Il serait vraiment dommage de réduire la musique de Greg Sage et des Wipers à une source d’inspiration pour des groupes plus populaires qui ont souvent simplifié sa formule. Un peu à la manière des expérimentations d’Arthur Russell avec la reverb, le guitariste aura utilisé la distorsion comme un véritable instrument, emmenant la pratique de son instrument sur de nouveaux terrains et ouvrant ainsi une nouvelle façon de jouer du rock’n roll ni plus ni moins. Un peu à la manière de son héros Hendrix ou de Lou Reed auquel on pense souvent en réécoutant les disques des Wipers.

Sage grandit chez un père technicien audio qui laisse traîner à la maison des instruments cassés et pas mal de matériel. Dès ses 11 ans, le jeune garçon bricole une basse et commence à acquérir une approche musicale qui passe en grande partie par un savoir faire technique, à mille lieux de la démarche de pas mal de punks, qui considéraient eux qu’il ne fallait même pas savoir jouer de la guitare pour monter sur scène. Le premier rapport de Sage à la musique se fera donc par la technique et la production, puisqu’il bénéficie dès son jeune âge de l’accès à une presse à vinyles. La première expérience professionnelle du jeune musicien se fera sur le disque d’un catcheur très populaire sur la côte Ouest, le bien nommé Beauregarde. Un étonnant assemblage de pop 60’s à consonance rockabilly. Bien meilleur en tous cas que n’importe quel album de Hulk Hogan. 
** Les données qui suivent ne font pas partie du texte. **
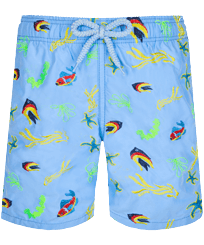 Boys Swimwear Embroidered Naive Fish - Limited Edition Divine front view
Sage lassé de bosser pour les autres fondent ensuite The Wipers avec l’idée de sortir 15 albums en dix ans sans aucune promotion, publicité ou tournée nationale. Ce qui l’intéresse c’est la musique et point barre. Si Is This Real fut initialement enregistré sur un quatre pistes dans le local de répétition du groupe, il exigea de retourner dans un studio professionnel pour en produire une nouvelle version. Si ce disque garde quelques traces du punk rock de l’époque, notamment dans ses morceaux courts teintés de new wave mélodique, le suivant est la déclaration de guerre du musicien aux canons du punk rock. Il raconte ainsi à qui veut l’entendre que les morceaux sont volontairement longs pour éviter tout amalgame avec la scène en vogue qu’il conchie. 
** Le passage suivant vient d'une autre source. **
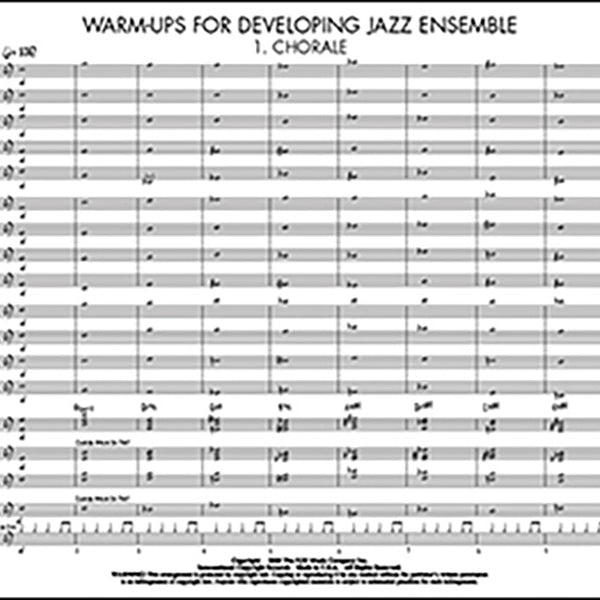 Warm-Ups for Developing Jazz Ensemble Sheet Music Preview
Le guitariste, droitier qui joue comme un gaucher, s’autorise tout de même quelque concerts dans la région de Portland pour soutenir des disques qui sont des échecs commerciaux mais drainent un petit public de fans dévoués. Sage y développe deux de ses signatures scéniques: des solos de guitares nerveux et épiques et de longues phases d’improvisations qui tirent plus vers les climats motorik que les vocalises des Ramones. Il attribuera d’ailleurs son intérêt pour les structures narratives à son petit boulot dans un cinéma. Over The Edge, le troisième disque contient lui le titre Romeo, perle de désespoir punk, qui assume pleinement les influences rockabilly de Sage. Un sommet que peu de groupes de l’époque ont pu tutoyer (The Gun Club, X peut-être). 

Greg Sage reste comme un exemple de musicien à l’éthique forte qui n’aura jamais fait de concessions face au music business, malgré un retour aux affaires dans les années 90 l’exploitation d’un back catalog et quelques concerts de reformations ici et là. Homme de studio, passionné par le son, il a souvent été cité comme la contrepartie de Cobain, qui malgré son image de tête brûlée aura davantage accepté les contraintes du business et de la célébrité. Et un commentateur sur un forum de constater que pendant que l’un se faisait sauter la tête incapable de supporter son succès, l’autre continuait de bosser en studio. Reste en tous cas que la musique de The Wipers et l’approche de Greg Sage restent unique dans l’histoire du punk et hardcore américains et qu’elles auront donné de nouvelles directions dans les domaines du songwriting, du jeu de guitare et de la production à des générations de musiciens. Les disques sonnent toujours aussi intrépides et nerveux. Il faut les (re)découvrir.